Prove that $\cos{x} \cdot \cos{\sqrt{3}x} = 1$ has exactly one solution at $x=0$ 
Prove that $\cos{x} \cdot \cos{\sqrt{3}x} = 1$ has exactly on solution at $x=0$

I've recently asked a question on periodicity of the $f(x) = \cos{x}\cdot\cos{\sqrt{3}x}$
One of my statements was: 

But this equation has only one solution at $x=0$

No prove of that was given in the OP since that statement was based on W|A numerical solution of the equation. A comment by @fleehood was added with a suggestion to prove that. And that is actually something I'm trying to do.
I've given it a try with analyzing Taylor series expansion for $\cos{x}$ and $\cos{\sqrt{3}x}$:
$$
f(x) = \cos{x} \cdot \cos{\sqrt{3}x} = \left( 1-\frac{x^2}{2!} + \frac{x^4}{4!} - \frac{x^6}{6!}+\ldots \right) \times \\ \times \left(1-\frac{(\sqrt{3}x)^2}{2!} + \frac{(\sqrt{3}x)^4}{4!} - \frac{(\sqrt{3}x)^6}{6!}+\ldots\right) = 1
$$
In order to find some pattern I've expanded several terms and eventually got a monstrous polynomial.

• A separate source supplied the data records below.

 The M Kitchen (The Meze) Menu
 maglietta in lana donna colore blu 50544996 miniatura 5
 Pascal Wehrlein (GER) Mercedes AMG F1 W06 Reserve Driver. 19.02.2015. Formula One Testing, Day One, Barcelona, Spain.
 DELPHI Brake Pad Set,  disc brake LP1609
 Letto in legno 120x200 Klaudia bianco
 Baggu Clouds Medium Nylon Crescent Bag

I have to somehow prove that the polynomial has only one solution, but I'm not sure how to do that given infinite terms.
There may be other ways to prove that, so any ideas are appreciated.
 A: As $|\cos y|\le1$ the only way $\cos x\cos\sqrt3 x=1$ is if
$\cos x=\cos\sqrt3x=\pm1$. This means that $x=m\pi$ is an integer multiple
of $\pi$ and $\sqrt 3x=n\pi$ is also an integer multiple of $\pi$.

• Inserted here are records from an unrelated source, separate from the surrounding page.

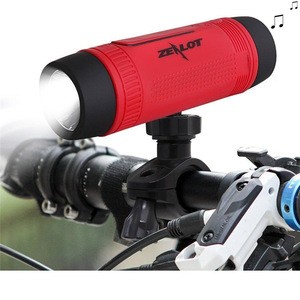 Zealot S1 BT Speaker fm Radio Waterproof Outdoor Bicycle Speaker Portable Wireless Column Boombox+ Flashlight+Bike Mount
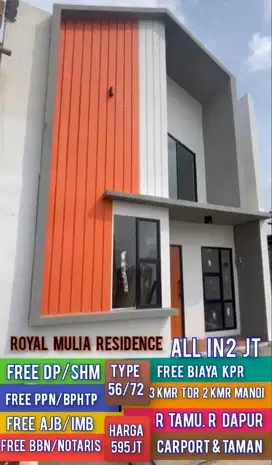 ROYAL MULIA RESIDENCE HUNIAN BERKELAS DI RAJEG TANGERANG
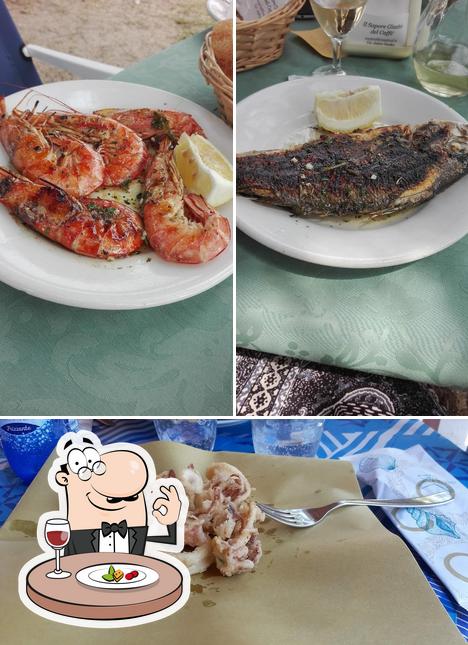 Cibo al Ristorante-Lido le Sirene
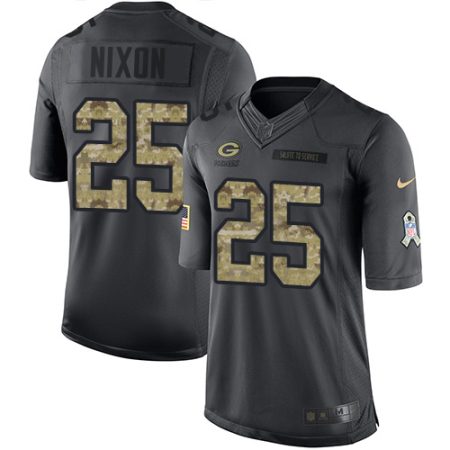 packers #25 keisean nixon black youth stitched nfl limited 2024 salute to service elite jersey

If $x\ne0$ that implies $\sqrt3=n/m$.
A: Let $ \cos a \cos b=1$. Then $\cos b \ne 0$ and $\cos a = \frac{1}{\cos b}$.
Hence $| \cos a|= \frac{1}{|\cos b|} \ge 1.$
This gives $ \cos a = \cos b = \pm 1$.
Hence $a,b \in  \pi \mathbb Z$.
Can you proceed ?
A: HINT
Recal that $-1\le \cos \theta \le 1$ and then 
$$\cos A \cos B=1 \iff A=2k\pi,\, B=2j\pi \,\lor \, A=(2k+1)\pi,\, B=(2j+1)\pi$$
A: Suposse that's $\cos x \cos\sqrt{3}=1$ then  $\lim_{n\to\infty}\cos^n x \cos^n\sqrt{3}=1$ but the last is possibile when $x=2k\pi$
A: $$\cos \sqrt 3x \cdot \cos x 
      = \frac 12 \cos(\sqrt 3 + 1)x + \frac 12 \cos(\sqrt 3-1)x$$
So $\cos \sqrt 3x \cdot \cos x = 1 \iff 
    \cos(\sqrt 3 + 1)x + \cos(\sqrt 3-1)x = 2$
This can only happen when $\cos(\sqrt 3 + 1)x = \cos(\sqrt 3-1)x = 1$
So, for some integers $m$ and $n$,
\begin{align}
   (\sqrt 3 + 1)x &= 2 \pi m \\
   (\sqrt 3 - 1)x &= 2 \pi n \\
\end{align}
Adding we find $\sqrt 3x = \pi(m+n)$
and subtacting we find $x = \pi(m-n)$.
So 
\begin{align}
   \pi(m-n) &= \dfrac{\pi}{\sqrt 3}(m+n) \\
   m-n &= \dfrac{1}{\sqrt 3}(m+n) \\
   \sqrt 3(m-n) &= m+n \\
\end{align}
The only integer solution is $m=n=0$
A: Since $\cos(x)$ can only take the values from $-1$ to $1$. Therefore, if $\cos(x)\cos(\sqrt 3 x)=1$,
$$\cos(x)=\cos(\sqrt{3}x)=1$$
or
$$\cos(x)=\cos(\sqrt{3}x)=-1$$
In either case, $x$ and $\sqrt{3}x$ both have to be an integer times $\pi$. This can only happen when $x=0.$